Parity is a financial term that has a variety of uses, but generally describes situations where two or more objects or individuals are considered equal in some way. Underlying this concept of parity is the idea that one or more different objects are equal or relatable in one or more ways.

Parity and Convertible Bonds

Convertible bonds offer the opportunity to convert the bond into a fixed number of equity shares. This opportunity gives the bond holder the option of transforming their interest generating debt instrument into a dividend generating equity instrument. The price for the bond’s shares is then the price of the bond divided by the number of shares awarded upon conversion.

For example, if the price of the bond is \$1,000 and it can be converted into 50 shares, then then price of the bond’s awarded shares is \$20 (\$1,000 / 50 shares).

Parity and Commodities

Prices are used in commodity production by governments looking to subsidize producers, usually in agriculture. The price of a given commodity is the price of production to the producer to produce one unit of that commodity, generally in terms of labor, equipment and interest on associated loans. Prices for commodities are generally averaged over some time period, usually 5 or 10 years.

For example, if the total cost to produce a bushel of grain this year was \$5 and last year was \$7, then a bushel of grain could be considered to have a parity price of \$6.

If the market price for a commodity is below the parity price, then a government may consider providing a subsidy to the producer of the commodity.

Stock Options

The parity price for stock options occurs when the price of the options is equal to the profit from exercising the option.

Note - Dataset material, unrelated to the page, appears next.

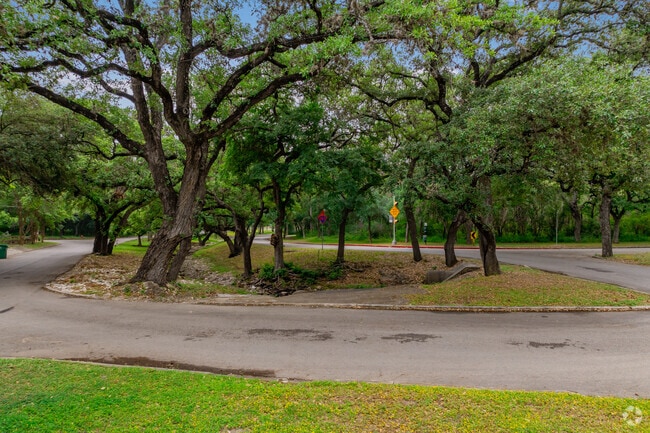 The tree lined streets of Alamo Heights provide shade year round.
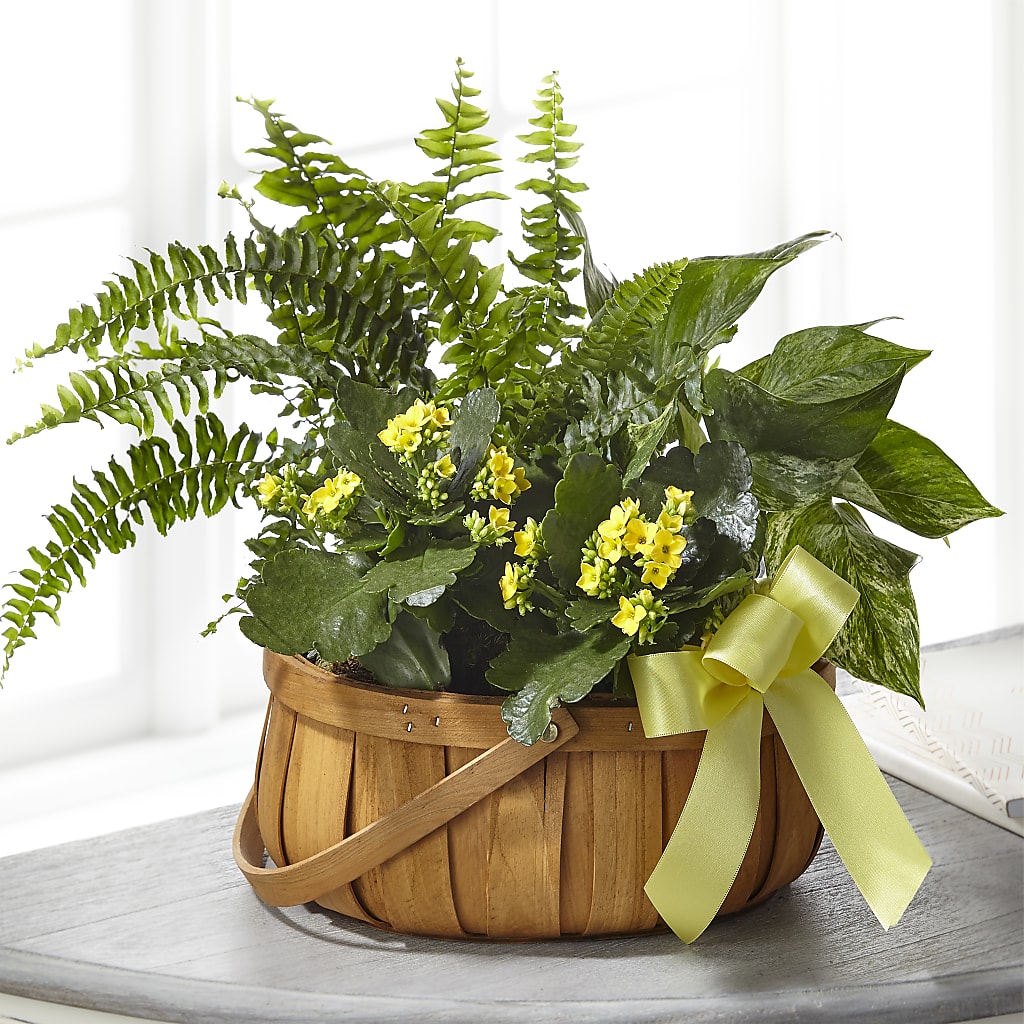 Always Dear Dishgarden – Babes Floral Design Llc, Old Fort NC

For example, a call option for company A at \$50 gives the holder of the option the right to buy 1 share of company A at \$50. If the market price of the shares is \$60, then the parity price for the options would be \$10 (\$60 – \$50).

Participant Parity

Parity is used in many market situations to place limits on the actions of participants to make them equal in one or more respects. For example, a bond auction may limit the volume that any one participant may purchase to ensure that participants with a greater capacity to spend do not influence the auction price more than other participants.

Risk Parity

Risk parity is a portfolio management theory that alters the make-up of the various asset classes in a portfolio (equity, bonds, commodities, cash) in an effort to maintain a steady rate of risk. As market circumstances change, the relative risk between certain asset classes will also change, so the portfolio manager will adjust the ratio of the asset classes within the portfolio to maintain a steady rate of risk given the new market circumstances.